# WORK ORDER:
Only the text belongs in the copy. Transcribe the data exactly and drop any pictures.

# DATA:
------------------------------
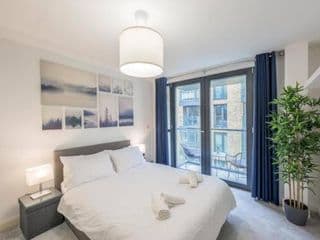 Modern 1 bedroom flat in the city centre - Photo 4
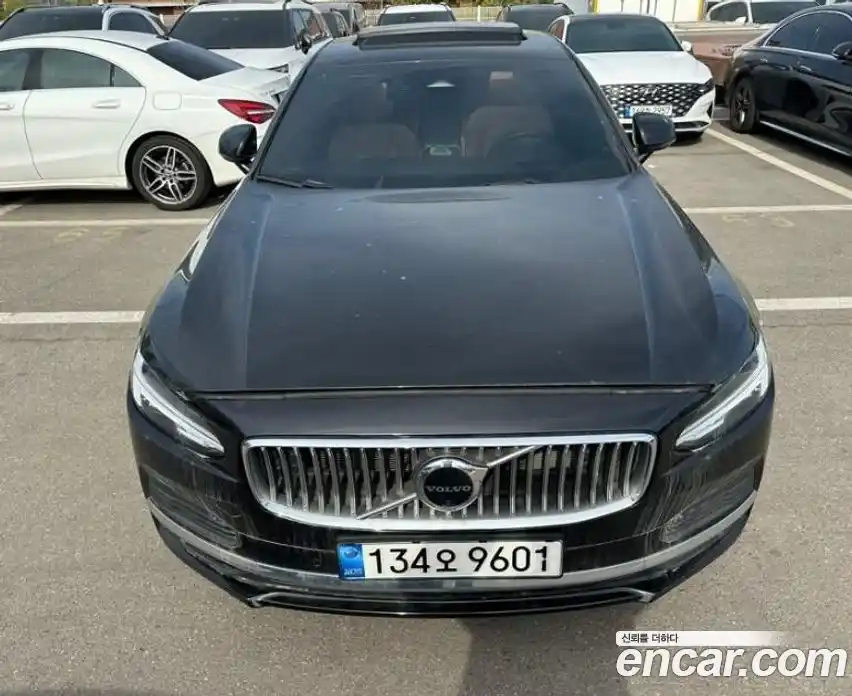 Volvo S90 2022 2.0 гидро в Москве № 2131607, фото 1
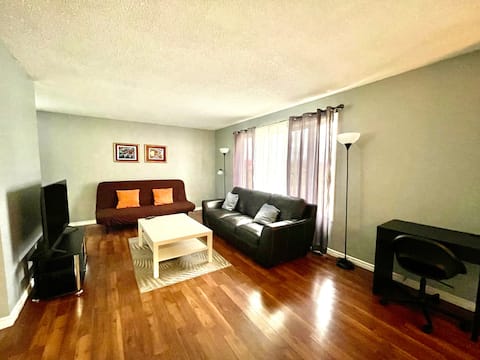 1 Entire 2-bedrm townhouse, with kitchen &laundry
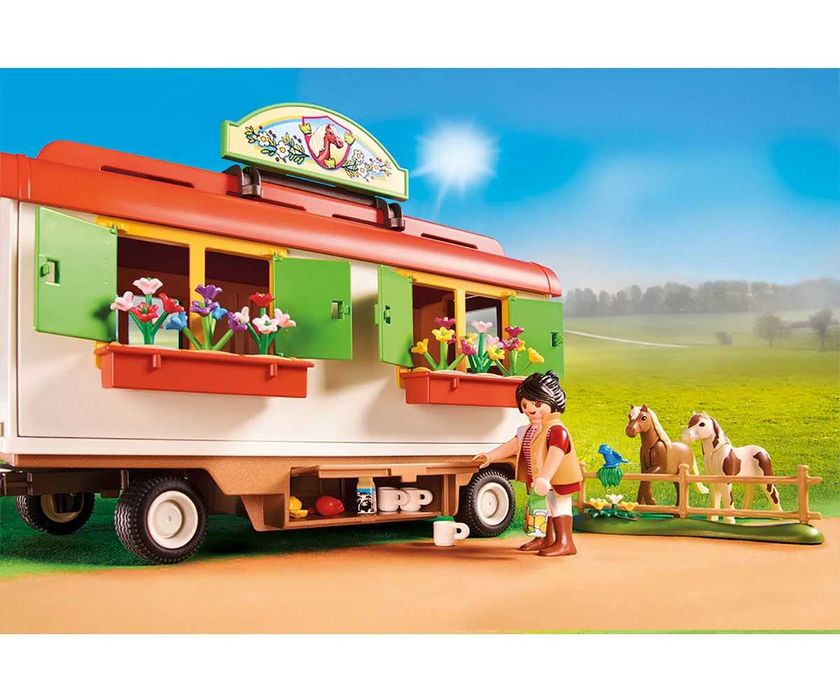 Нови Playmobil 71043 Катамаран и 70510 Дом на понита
------------------------------
# ANSWER TO THIS TASK:
 Modern 1 bedroom flat in the city centre - Photo 4
 Volvo S90 2022 2.0 гидро в Москве № 2131607, фото 1
 1 Entire 2-bedrm townhouse, with kitchen &laundry
 Нови Playmobil 71043 Катамаран и 70510 Дом на понита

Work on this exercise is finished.